■ **What the task asks**
Copy every line from the one that holds "Vintage Chinese Porcelain" to the end of the records below, exactly and with nothing else, but without any pictures.

■ **The input**
▬▬▬

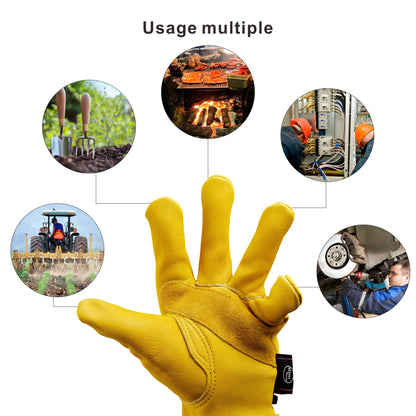 KIM YUAN Leather Work Gloves Grain Cowhide, with Ball and Tape Wrist Closure.For Yard Work, Gardening, Farm, Warehouse, Construction, Motorcycle, Men & Women Medium 1 Pair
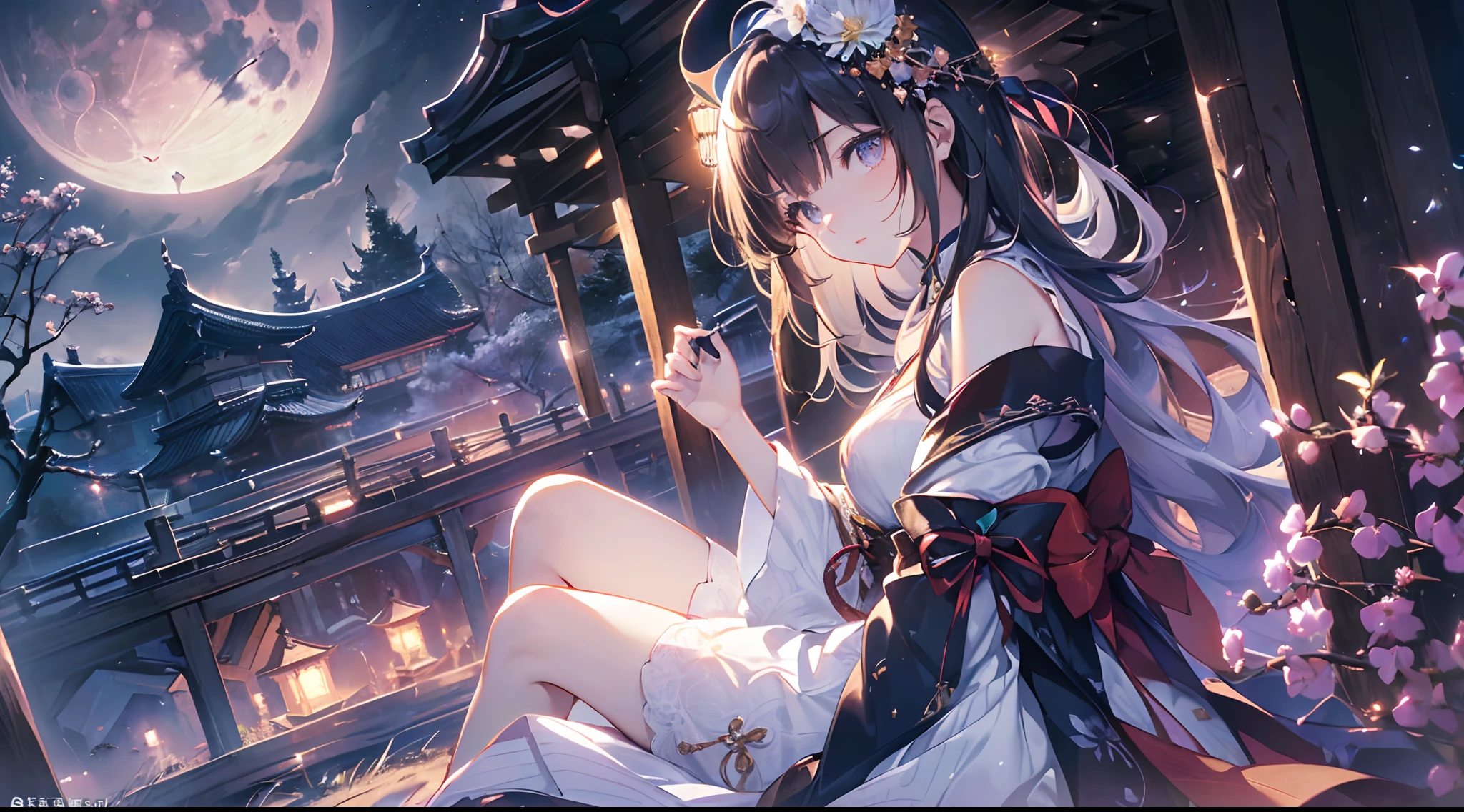 (Official art、Best Quality、Unity 8k Wallpapers、32K、​masterpiece、ultra-detailliert、超A high resolution、realisitic、Photorealsitic:1.2)、(Cinematic lighting:1.2)、Fireglow effect、film grains、Best Shadows、Rim lighting、side lights、(Ultra-detailed and complex 3D rendering)、Detailed beautiful face and eyes、A slender、Medium bust、(Full body:1.2)、(sideshot、Looking up at the moon、Looking away:1.2)、(Mystical、moonlights)、Highly detailed background、beauitful face、blurry backround、a beauty girl、(super detailed skin、detailed skin textures:1.3)、Japan garden、cowboy  shot、Sit on the porch、One full moon in the sky、Moon、dumpling、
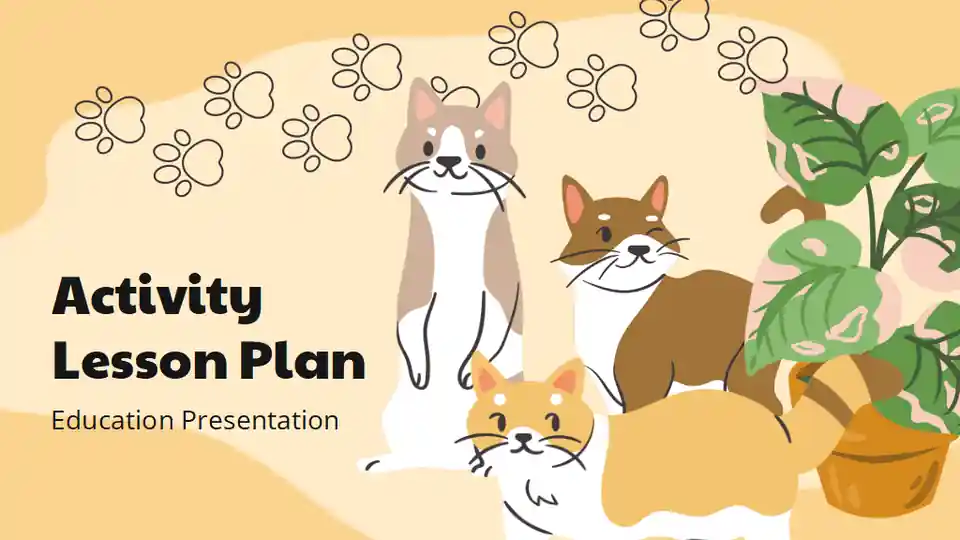 Cute Cat Activity Lesson Plan Slides
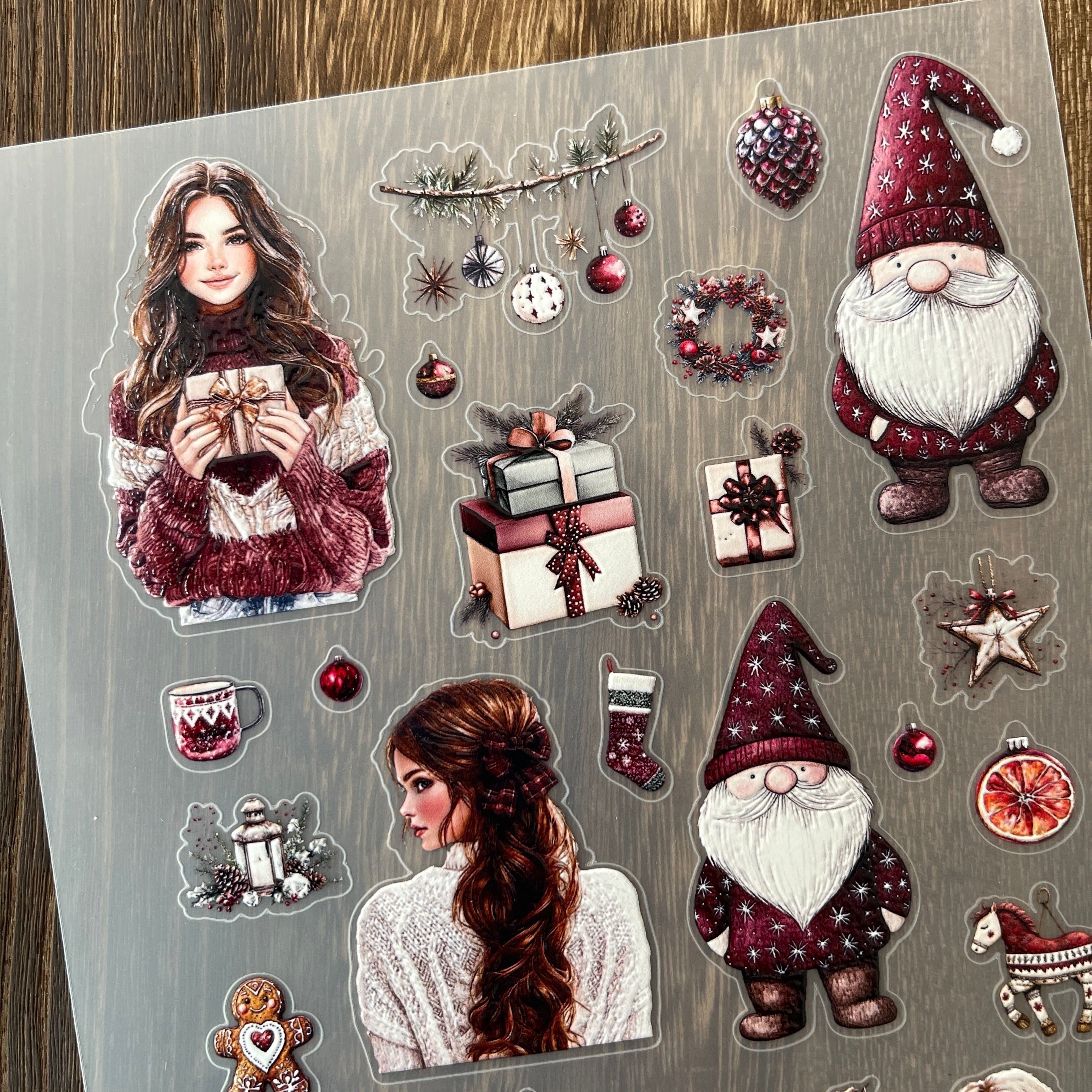 3D Nordic christmas PET Stickers 1pcs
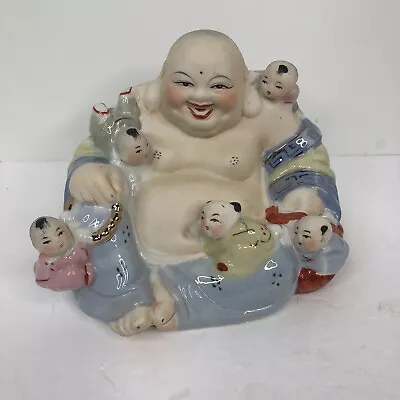 Vintage Chinese Porcelain Laughing Buddha With Five Children Statue Hand Painted • £93.09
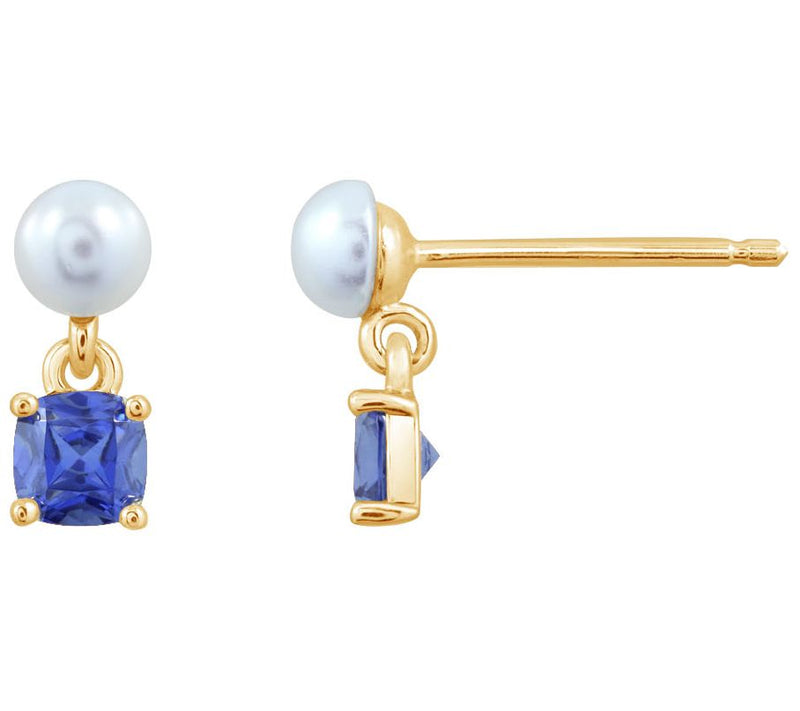 Diamonique Birthstone Stud Earrings, 14K Gold Pated — View 26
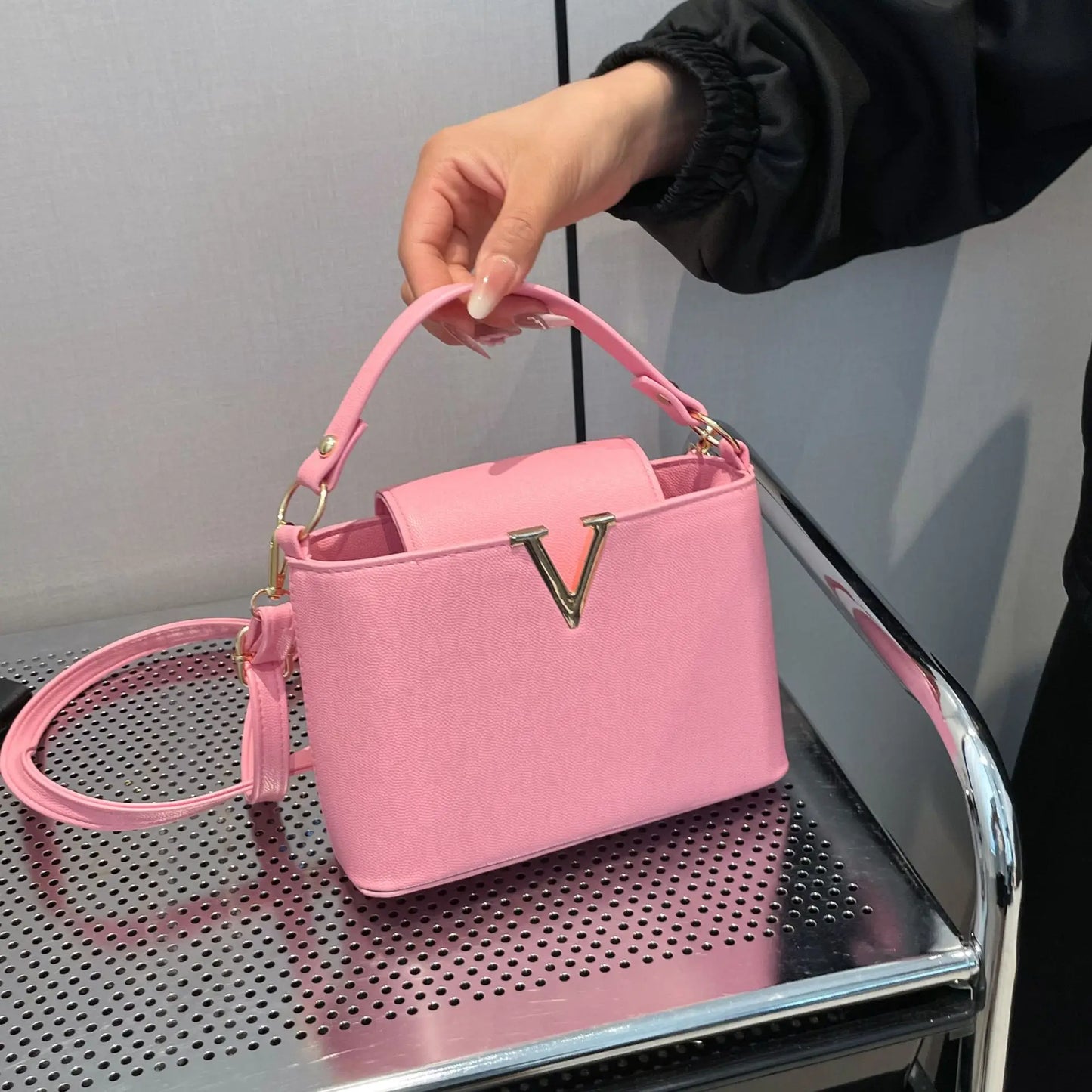 V-Shaped PU Leather Bucket Bag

▬▬▬

■ **Response to the exercise**
 Vintage Chinese Porcelain Laughing Buddha With Five Children Statue Hand Painted • £93.09
 Diamonique Birthstone Stud Earrings, 14K Gold Pated — View 26
 V-Shaped PU Leather Bucket Bag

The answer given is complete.